User guide

Synthesis Arguments

Arg

Following Argument

Description

-c

XML Configuration File

XML runtime directives for the syntesizer such as the Verilog file, and parametrized synthesis

-V

Verilog HDL FIle

You may specify multiple Verilog HDL files for synthesis

-b

BLIF File

`-S/–tcl`

Tcl Script File

You may utilize additional commands for the Yosys elaborator

-o

BLIF Output File

full output path and file name for the BLIF output file

-a

Architecture File

You may specify multiple verilog HDL files for synthesis

-G

Output netlist graph in GraphViz viewable .dot format. (net.dot, opens with dotty)

-A

Output AST graph in in GraphViz viewable .dot format.

-W

Print all warnings. (Can be substantial.)

-h

Print help

`–coarsen`

Coarse-grained BLIF File

Performing the partial mapping for a given coarse-grained netlist in BLIF

`–elaborator`

[odin (default), yosys]

Specify the tool that should perform the HDL elaboration

`–fflegalize`

Converts latches’ sensitivity to the rising edge as required by VPR

`–show_yosys_log`

Showing the Yosys elaboration logs in the console window

Additional Examples using Odin-II with the Yosys elaborator

./odin_II --elaborator yosys -V <Path/to/Verilog/file> --fflegalize

Passes a Verilog file to Yosys for performing elaboration. The BLIF elaboration and partial mapping phases will be executed on the generated netlist. However, all latches in the Yosys+Odin-II output file will be rising edge.

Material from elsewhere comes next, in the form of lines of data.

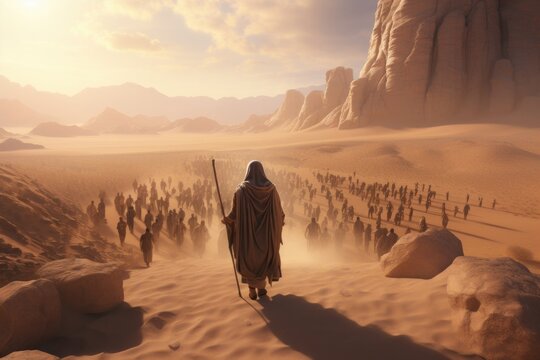 Exodus in history: Moses guides Jews through Sinai desert to Promised Land, a religious journey of escape and significance in the Bible..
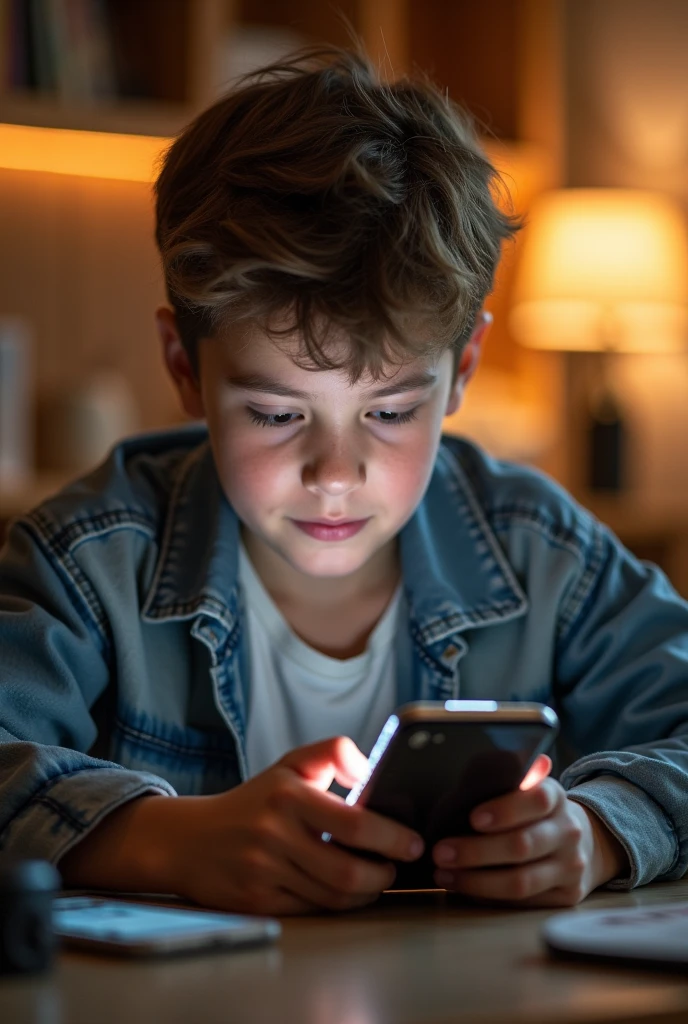 create or me consumed, distopian reality, a smartphone sucking in a boy, gently caresing, wrong advertisment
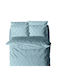 White Fabric Luma Σετ Σεντόνια Μονά 160x260εκ. Μπλε (3τμχ)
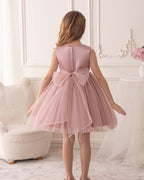 5192 Summer Dresses Princess High Quality Bow Pearl Sleeveless Girls Dress Wholesale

./odin_II -b <Path/to/BLIF/file> --coarsen --fflegalize

Performs the BLIF elaboration and partial mapping phases on the given coarse-grained BLIF file.

Note

The coarse-grained BLIF file must follow the same style and syntax as what it would be when the Yosys synthesizer generates it.

./odin_II -S <Path/to/Tcl/file> --fflegalize

Implicitly performs the synthesis by Yosys+Odin-II. The Tcl script should include Yosys commands similar to the following Tcl script to perform the elaboration. Then, the BLIF elaboration and partial mapping phases will be performed on the coarse-grained BLIF netlist.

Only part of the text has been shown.